• [What the task requires]
Only the lines below starting at the one that contains "Melancholic Freedom: Agency" and ending at the one that contains "Grand Funk Railroad" are to be reproduced, exactly and with both ends kept.

• [Data provided]
%%

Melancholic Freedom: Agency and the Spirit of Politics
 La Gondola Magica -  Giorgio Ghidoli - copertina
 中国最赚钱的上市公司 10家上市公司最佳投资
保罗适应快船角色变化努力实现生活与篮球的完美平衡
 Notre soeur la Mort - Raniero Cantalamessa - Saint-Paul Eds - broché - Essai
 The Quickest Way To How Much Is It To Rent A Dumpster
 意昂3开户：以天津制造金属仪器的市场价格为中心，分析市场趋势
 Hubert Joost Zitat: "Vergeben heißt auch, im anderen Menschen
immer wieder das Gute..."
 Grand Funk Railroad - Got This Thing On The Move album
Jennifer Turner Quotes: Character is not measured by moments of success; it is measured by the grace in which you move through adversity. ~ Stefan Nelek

%%
%%

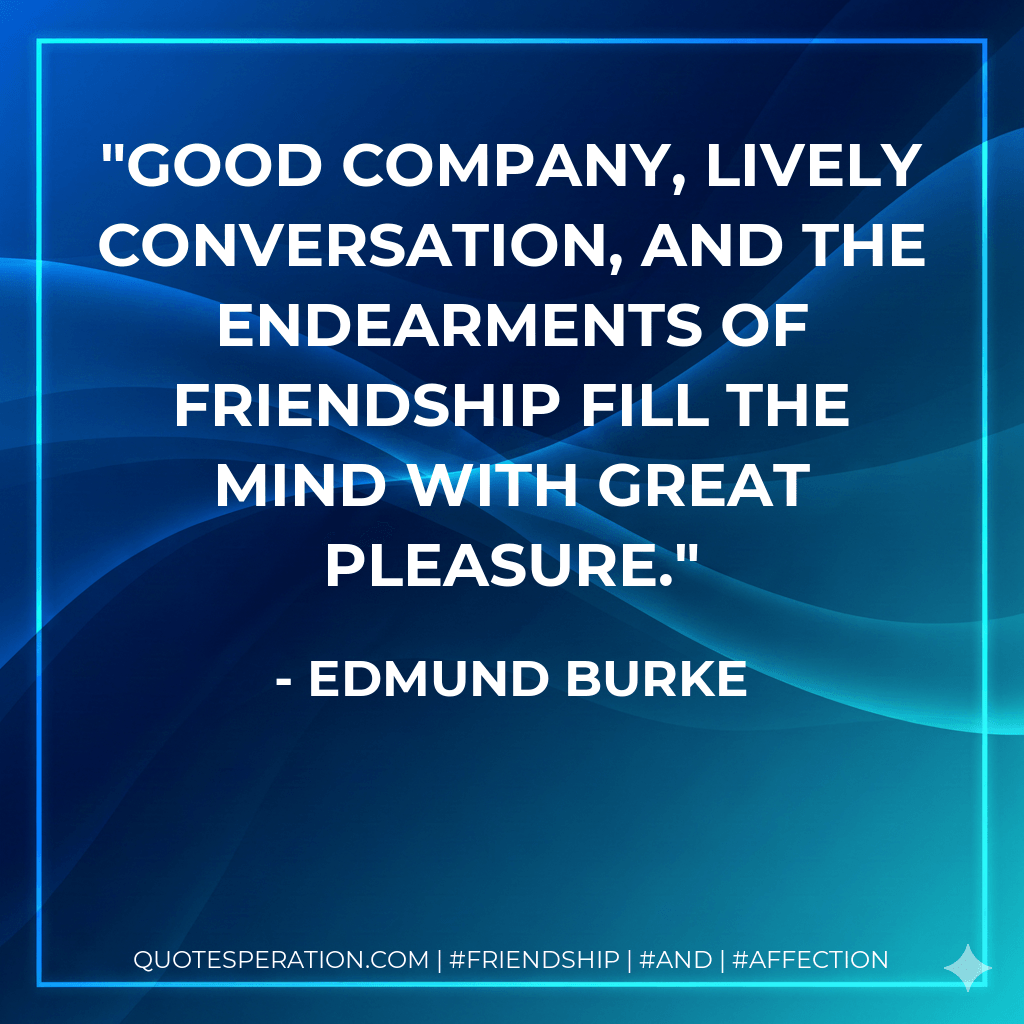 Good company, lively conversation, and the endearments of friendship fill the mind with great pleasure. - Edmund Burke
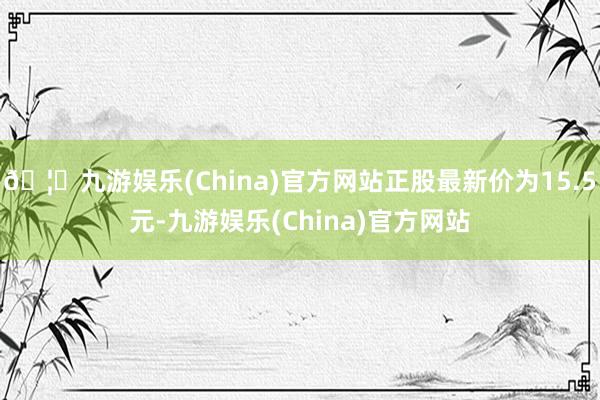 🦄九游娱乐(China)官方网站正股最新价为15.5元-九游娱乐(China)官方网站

%%

• [Output below]
Melancholic Freedom: Agency and the Spirit of Politics
 La Gondola Magica -  Giorgio Ghidoli - copertina
 中国最赚钱的上市公司 10家上市公司最佳投资
保罗适应快船角色变化努力实现生活与篮球的完美平衡
 Notre soeur la Mort - Raniero Cantalamessa - Saint-Paul Eds - broché - Essai
 The Quickest Way To How Much Is It To Rent A Dumpster
 意昂3开户：以天津制造金属仪器的市场价格为中心，分析市场趋势
 Hubert Joost Zitat: "Vergeben heißt auch, im anderen Menschen
immer wieder das Gute..."
 Grand Funk Railroad - Got This Thing On The Move album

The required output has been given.